At one stage on January 9, 42 people were waiting on trolleys. Staff described the situation as being "like Beirut".

The review comes as a separate probe is also under way into five deaths at the hospital's emergency department, in which delays in treating the patients may have been a contributory factor.

Mr Poots said he was under "no illusion" that it would take time to make a difference. "I don't expect change to happen overnight – but I do expect progress to be made," he said.

He also told the Assembly the RQIA would provide a final report on its recent inspection in April.
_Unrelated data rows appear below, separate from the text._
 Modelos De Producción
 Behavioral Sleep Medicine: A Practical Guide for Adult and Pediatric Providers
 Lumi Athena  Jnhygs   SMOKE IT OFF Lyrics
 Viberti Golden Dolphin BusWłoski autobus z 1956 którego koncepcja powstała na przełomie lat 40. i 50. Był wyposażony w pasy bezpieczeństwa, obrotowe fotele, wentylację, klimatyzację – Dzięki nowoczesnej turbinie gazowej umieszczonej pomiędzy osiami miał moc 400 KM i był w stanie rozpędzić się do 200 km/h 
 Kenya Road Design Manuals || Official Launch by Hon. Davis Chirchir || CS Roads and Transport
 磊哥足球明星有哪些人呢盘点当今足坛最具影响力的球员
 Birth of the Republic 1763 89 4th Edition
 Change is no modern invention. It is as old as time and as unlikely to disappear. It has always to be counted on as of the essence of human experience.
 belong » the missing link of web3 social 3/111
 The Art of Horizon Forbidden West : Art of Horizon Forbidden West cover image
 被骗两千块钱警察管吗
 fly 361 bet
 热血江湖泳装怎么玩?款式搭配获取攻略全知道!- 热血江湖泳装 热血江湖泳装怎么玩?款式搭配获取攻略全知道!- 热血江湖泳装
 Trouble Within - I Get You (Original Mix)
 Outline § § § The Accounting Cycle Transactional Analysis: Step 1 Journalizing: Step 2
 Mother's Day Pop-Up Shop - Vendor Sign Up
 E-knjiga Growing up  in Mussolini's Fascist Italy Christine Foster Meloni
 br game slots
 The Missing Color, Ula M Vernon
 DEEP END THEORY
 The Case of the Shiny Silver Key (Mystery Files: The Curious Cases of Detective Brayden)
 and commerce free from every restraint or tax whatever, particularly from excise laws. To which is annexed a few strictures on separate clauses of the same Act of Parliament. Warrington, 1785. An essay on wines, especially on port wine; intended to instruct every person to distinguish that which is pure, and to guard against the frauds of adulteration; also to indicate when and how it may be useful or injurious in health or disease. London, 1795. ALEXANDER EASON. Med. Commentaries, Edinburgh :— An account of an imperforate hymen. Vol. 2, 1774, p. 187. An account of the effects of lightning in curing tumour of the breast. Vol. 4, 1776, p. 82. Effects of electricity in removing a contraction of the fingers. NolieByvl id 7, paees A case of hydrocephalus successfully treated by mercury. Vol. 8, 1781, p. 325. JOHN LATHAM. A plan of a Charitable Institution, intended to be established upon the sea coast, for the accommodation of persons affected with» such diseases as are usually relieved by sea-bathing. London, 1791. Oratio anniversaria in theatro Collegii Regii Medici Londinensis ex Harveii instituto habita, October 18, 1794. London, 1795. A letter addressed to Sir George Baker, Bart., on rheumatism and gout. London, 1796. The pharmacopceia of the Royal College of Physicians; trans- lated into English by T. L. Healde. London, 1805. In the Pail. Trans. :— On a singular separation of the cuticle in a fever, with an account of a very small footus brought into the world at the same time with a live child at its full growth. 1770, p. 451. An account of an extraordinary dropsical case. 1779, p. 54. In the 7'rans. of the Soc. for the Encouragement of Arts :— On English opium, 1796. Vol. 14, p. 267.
This report will include a Quality Improvement Plan, which will set out the proposed actions of the trust.

The minister said, however, that the Belfast Trust had already taken a number of actions, along with the additional nurses – 15 to the ED and 25 to AMU (including changes outlined above).

Ray Rafferty from the Unison union, however, said: "I think the minister needs to own up here and say that he has let the service run down, that there is a shortage of beds, and it's more than just a question of supplying 40 nurses to resolve the problem."

Janice Smyth, director of the Royal College of Nursing in Northern Ireland, said they welcomed the statement but agreed "much work still needs to be done".

Sinn Fein MLA Maeve McLaughlin, chairman of the Stormont Health Committee, said the extra nurses would relieve some of the pressure on staffing levels.

"However, the minister still has a huge hill to climb in terms of restoring public confidence in the health system," she said. It was also mentioned that a major summit, hosted by the College of Emergency Medicine, will be held in Northern Ireland on April 9.

In the written statement, Mr Poots added that there had been an improvement in the number of 12-hour breaches.

From September 2013 to January 2014, 558 patients waited longer than 12 hours compared to 2,248 during the same period last year, a reduction of 75%.

SDLP health spokesman Fearghal McKinney said the Health Minister's actions would not address core pressures and the crisis of confidence in the Health Service.

"He is beginning to recognise that there is a problem, and that is in stark contrast to his comments in January," he said.

"But the problems are deeper than waiting lists and go to the heart of decision-making and accountability in the Health Service."


A number of actions have already been taken at the Royal Victoria Hospital by the trust. These include:

* An urgent review of nurse and medical staffing levels in both the Emergency Department (ED) and the Acute Medical Unit (AMU) was completed and resulted in 40 additional nurses being appointed: 15 to ED; 25 to AMU.

* Trying to identify ways to improve the flow of patients out of the ED and to and from the AMU.

* Reviewing the timings of key clinical meetings to ensure that speciality triage decisions are taken as early as possible.

* Finalising plans to implement an electronic patient tracking system as quickly as possible.